- _TASK OBJECTIVE_:
Could you retype all of the records exactly, leaving out every picture?

Top of RECORD EXTRACTS

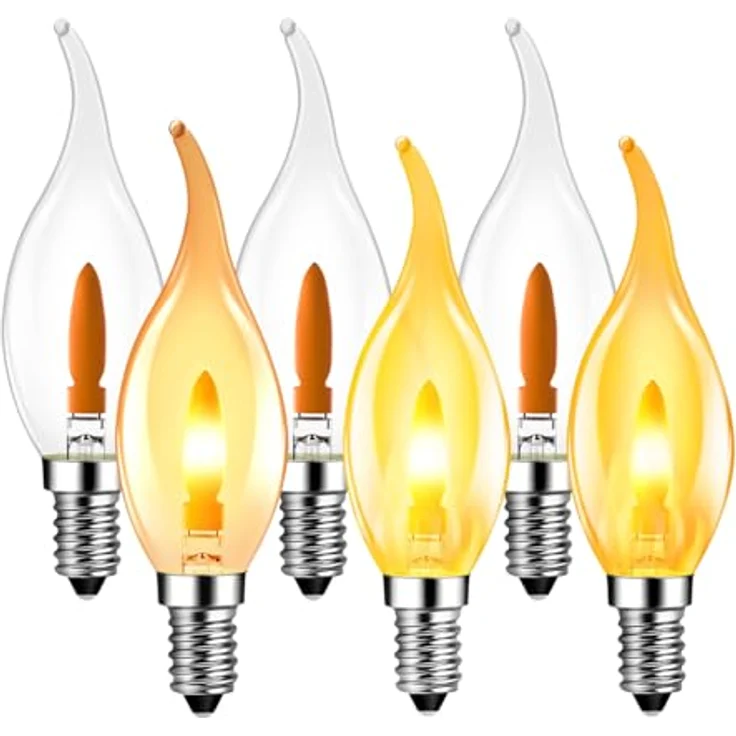 LVWIT Flammen LED E14 Warmweiss 1W, Kerzenlampe T35 Glühbirne Flammeneffekt Stimmungslicht Flackerlampe für Zuhause Garten Bar Halloween Weihnachten, Ersetzt 3W Glühlampen, 1800K, 6er Pack – Bild 2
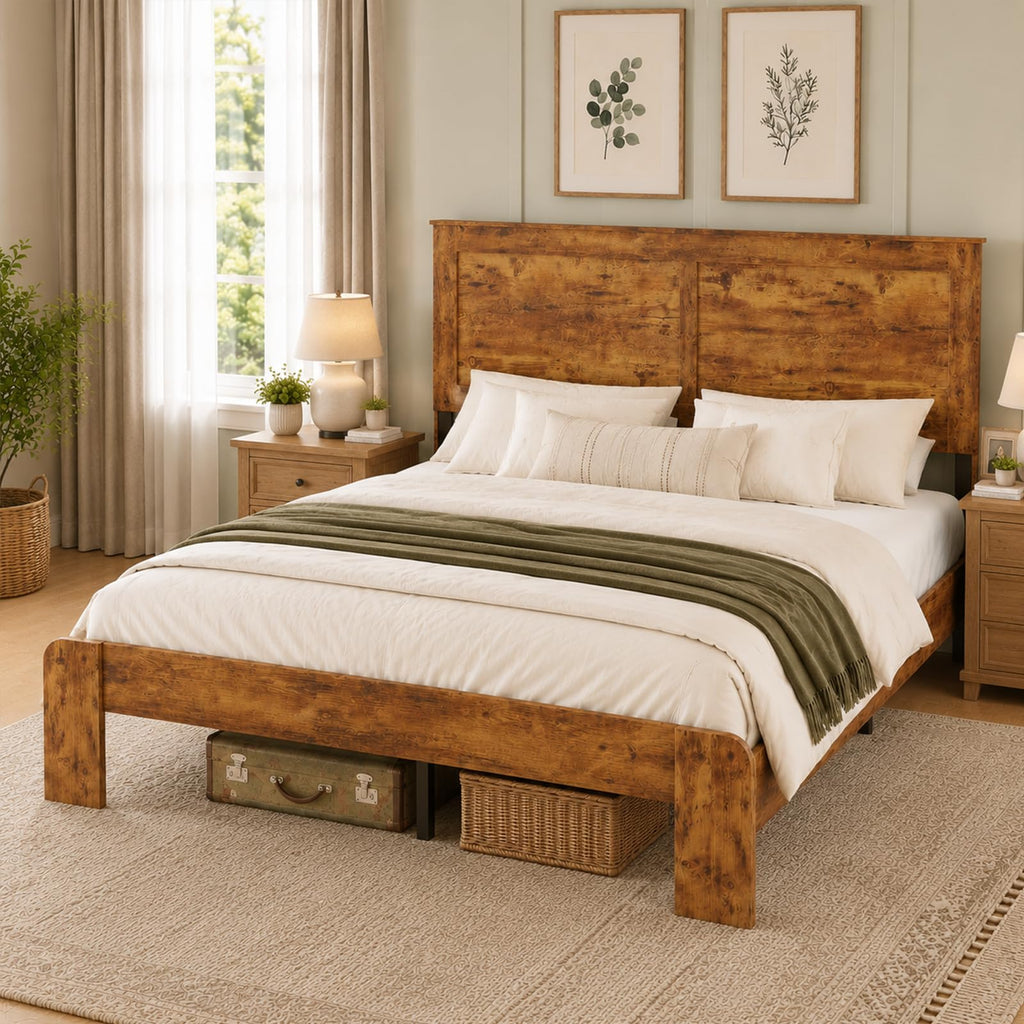 Bed Frame with Headboard, Farmhouse Wooden Bed Frame, Brown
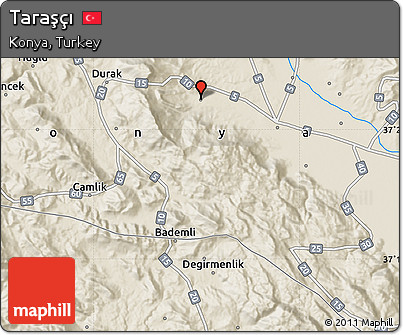 Shaded Relief Map of Taraşçı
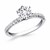 Engagement Ring with Fishtail Diamond Accents in 14k White Gold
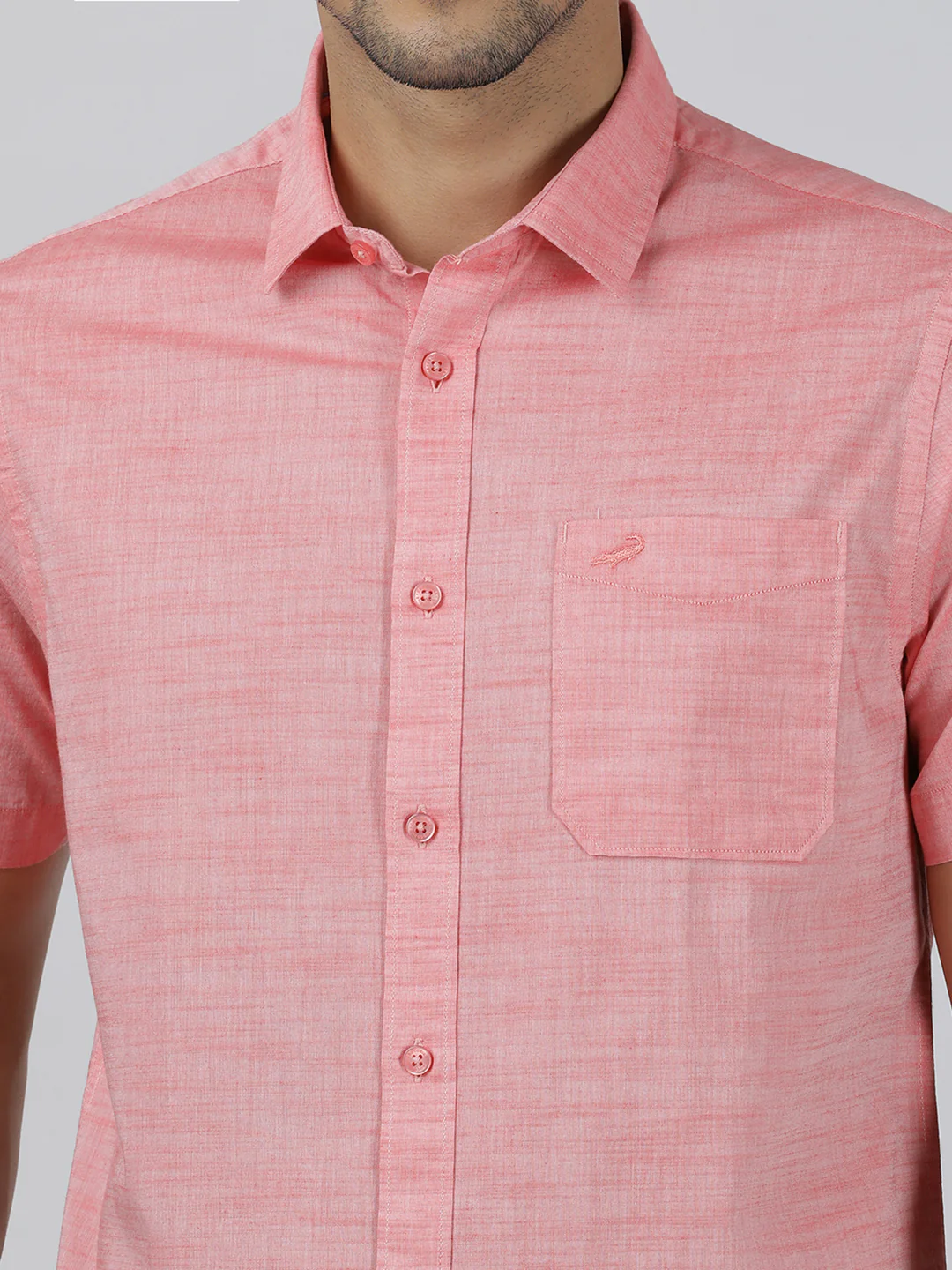 Pink Solid Half Sleeve 100% Cotton Shirt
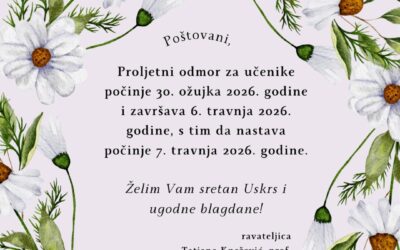 Obavijest o proljetnom odmoru učenika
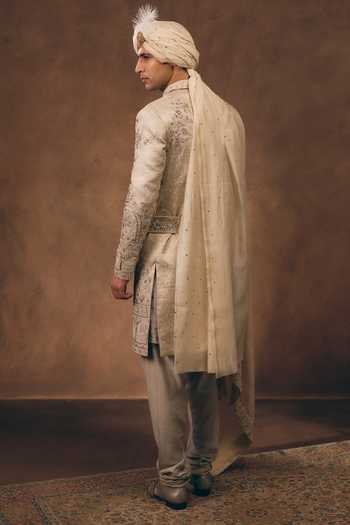MUKTI AND KAVITH CASA Ivory Signature Royal Sherwani Set 
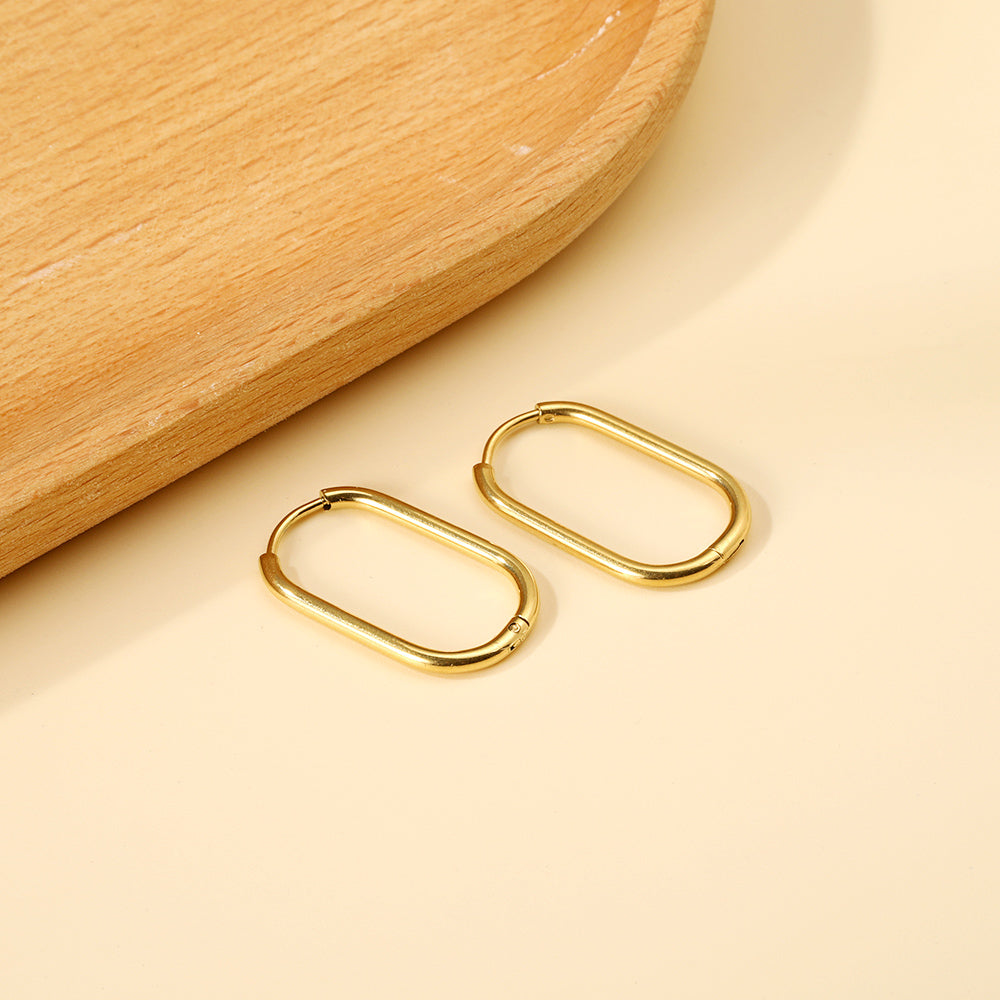 Plain Oval Hoop Earrings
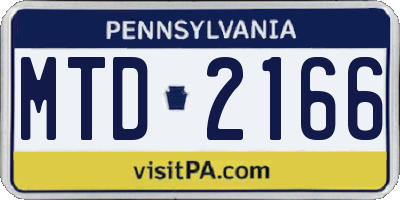 PA license plate MTD2166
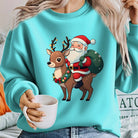 Christmas sweater with Santa and reindeer print for women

Bottom of RECORD EXTRACTS

- _OUTPUT OF THE EXERCISE_:
 LVWIT Flammen LED E14 Warmweiss 1W, Kerzenlampe T35 Glühbirne Flammeneffekt Stimmungslicht Flackerlampe für Zuhause Garten Bar Halloween Weihnachten, Ersetzt 3W Glühlampen, 1800K, 6er Pack – Bild 2
 Bed Frame with Headboard, Farmhouse Wooden Bed Frame, Brown
 Shaded Relief Map of Taraşçı
 Engagement Ring with Fishtail Diamond Accents in 14k White Gold
 Pink Solid Half Sleeve 100% Cotton Shirt
 Obavijest o proljetnom odmoru učenika
MUKTI AND KAVITH CASA Ivory Signature Royal Sherwani Set 
 Plain Oval Hoop Earrings
 PA license plate MTD2166
 Christmas sweater with Santa and reindeer print for women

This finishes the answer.